Merrick Garland Asked to Probe Russia
Two U.S. representatives asked Attorney General Merrick Garland to investigate alleged Russian war crimes. Above, Garland convenes a Justice Department component heads meeting at the Justice Department on March 10, 2022, in Washington, D.C. Photo by Kevin Lamarque/Pool/Getty Images

The letter details the circumstances of Renaud and Hill's deaths, saying that both were "non-combatants who were not taking any active part in the hostilities." It said Renaud was traveling to film refugees when Russian forces killed him and Hill was waiting in a bread line when he was shot.

"Russian troops shot and killed both Mr. Renaud and Mr. Hill without any apparent provocation," the letter said.

Earlier this month, Blinken said on CNN that the U.S. government received "very credible" reports of intentional attacks on Ukrainian civilians that "would constitute war crimes."Russia targeting the Mariupol hospital, attacking a kindergarten in northeastern Ukraine and striking residential buildings are some of the incidents causing the international community to accuse Russia of war crimes.

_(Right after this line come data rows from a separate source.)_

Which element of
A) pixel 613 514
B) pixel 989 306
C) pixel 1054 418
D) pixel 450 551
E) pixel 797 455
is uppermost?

War crimes have been "historically hard to investigate, and often they're even more challenging to prosecute" because they involve proving the crimes had happened during an armed conflict and with "intent and knowledge" of the criminal act and the conflict, according to a report by Axios.

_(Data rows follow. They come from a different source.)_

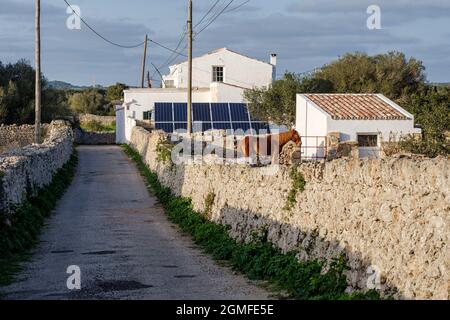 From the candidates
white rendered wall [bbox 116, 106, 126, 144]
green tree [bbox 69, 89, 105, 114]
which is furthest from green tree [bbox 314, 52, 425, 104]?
green tree [bbox 69, 89, 105, 114]

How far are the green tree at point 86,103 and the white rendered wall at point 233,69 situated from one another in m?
37.8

In the ICC's case, it can be difficult to prove a war crime occurred because the investigation has to show there were no military targets nearby, and if there were that the force toward the civilians was intentional and "disproportionately used," Alex Whiting, a deputy specialist prosecutor at the Kosovo Specialist Prosecutor's Office in The Hague, told the outlet.

In a statement released Wednesday, Blinken said that by using U.S. intelligence and reports from civilians and journalists, the government has determined Russia committed war crimes.

"As with any alleged crime, a court of law with jurisdiction over the crime is ultimately responsible for determining criminal guilt in specific cases," Blinken wrote, adding that "we are committed to pursuing accountability using every tool available, including criminal prosecutions."

When reached for comment by Newsweek, the Department of Justice confirmed that it had received Lieu and Swalwell's letter, but declined to comment further.

Update 03/23/22, 3:15 p.m. ET: This article was updated with additional information and background.

Update 03/23/22, 2 p.m. ET: This article was updated with additional information.